__ABOUT THIS EXERCISE__.
Only the lines from the one that includes "Mikitiez roze harselflove" through the last line below belong in the reply, copied exactly and without pictures.
---------- PROVIDED DATA ----------
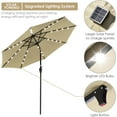 thumbnail image 6 of 10ft Solar LED Outdoor Market Tilt Patio Umbrella, Beige, 6 of 8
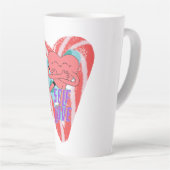 Mikitiez roze harselflove june gemini latte mok (Rechterhoek)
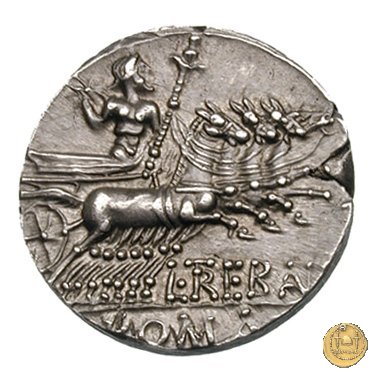 241/1 - denario L. Trebanius 135 BC (Roma)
----------
__SOLUTION FOR THIS TASK__.
 Mikitiez roze harselflove june gemini latte mok (Rechterhoek)
 241/1 - denario L. Trebanius 135 BC (Roma)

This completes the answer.